Exercise prompt: Line by line, set down all the data below exactly, omitting any picture.

Data block:
☆ ☆ ☆ ☆

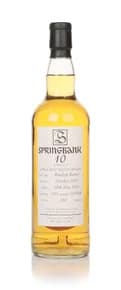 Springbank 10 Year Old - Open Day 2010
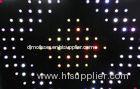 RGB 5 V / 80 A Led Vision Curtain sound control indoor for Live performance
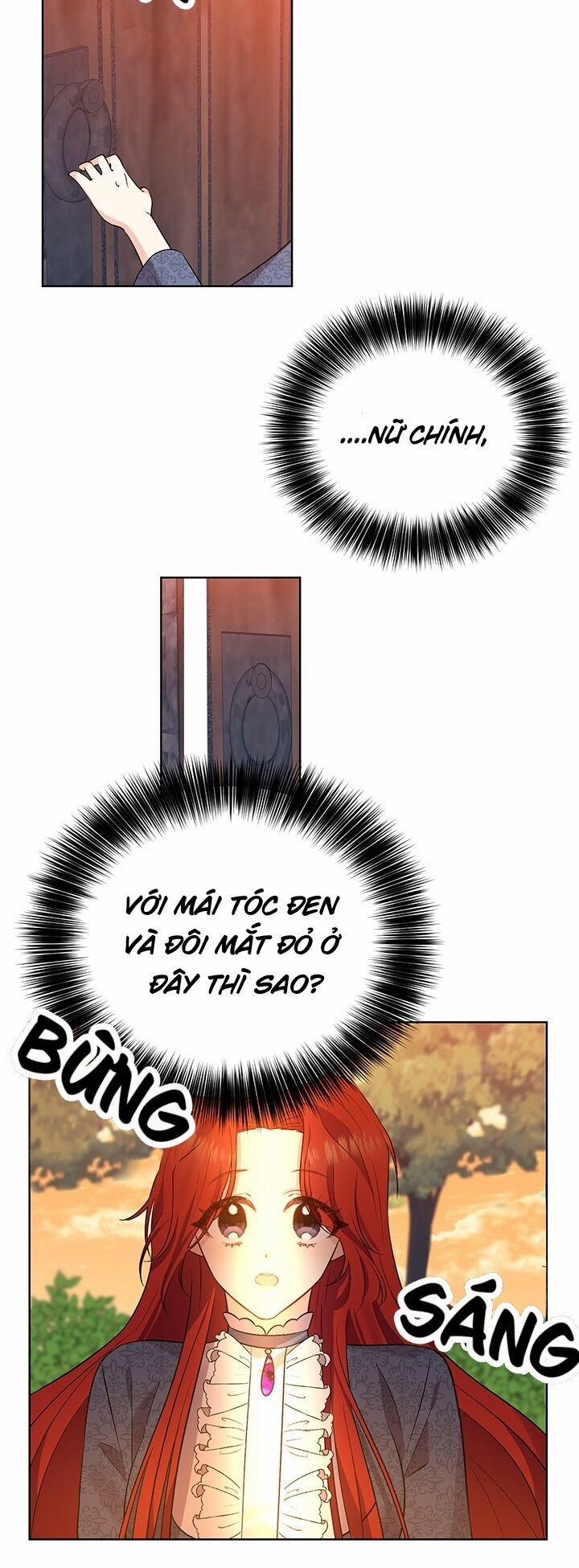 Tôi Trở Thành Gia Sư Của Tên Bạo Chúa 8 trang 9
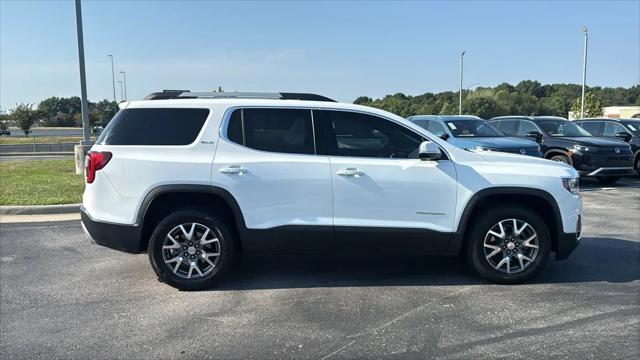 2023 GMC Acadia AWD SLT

☆ ☆ ☆ ☆

Answer to this task:
 Springbank 10 Year Old - Open Day 2010
 RGB 5 V / 80 A Led Vision Curtain sound control indoor for Live performance
 Tôi Trở Thành Gia Sư Của Tên Bạo Chúa 8 trang 9
 2023 GMC Acadia AWD SLT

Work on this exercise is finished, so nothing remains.